**Available data:**
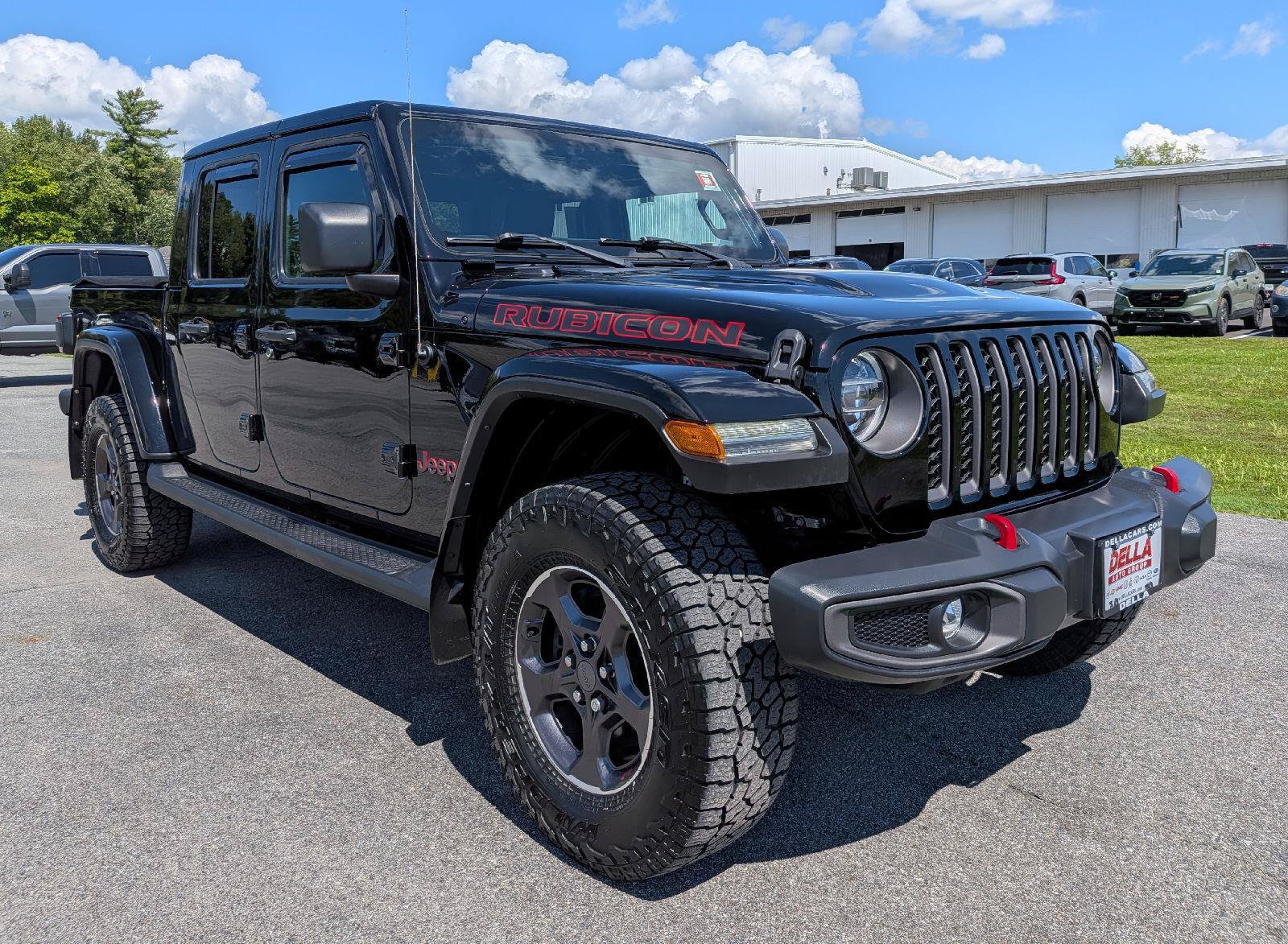 Used 2022 Jeep Gladiator Rubicon w/ LED Lighting Group AWD/4WD image 3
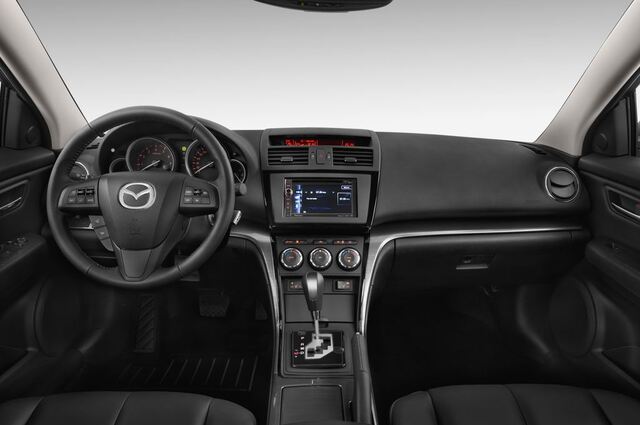 Mazda Mazda6 (Baujahr 2010) Active 5 Türen Cockpit und Innenraum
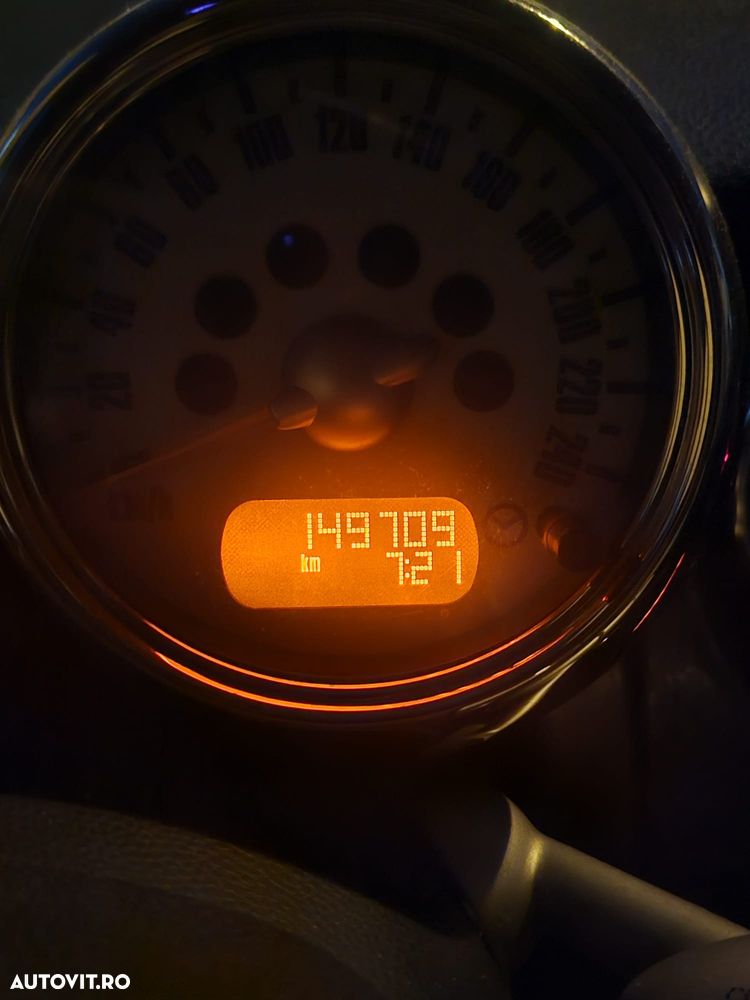 Mini Cooper Standard - 17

**Problem to solve:**
Once the pictures are set aside, give the rest of the listing again exactly.

**Result below:**
 Used 2022 Jeep Gladiator Rubicon w/ LED Lighting Group AWD/4WD image 3
 Mazda Mazda6 (Baujahr 2010) Active 5 Türen Cockpit und Innenraum
 Mini Cooper Standard - 17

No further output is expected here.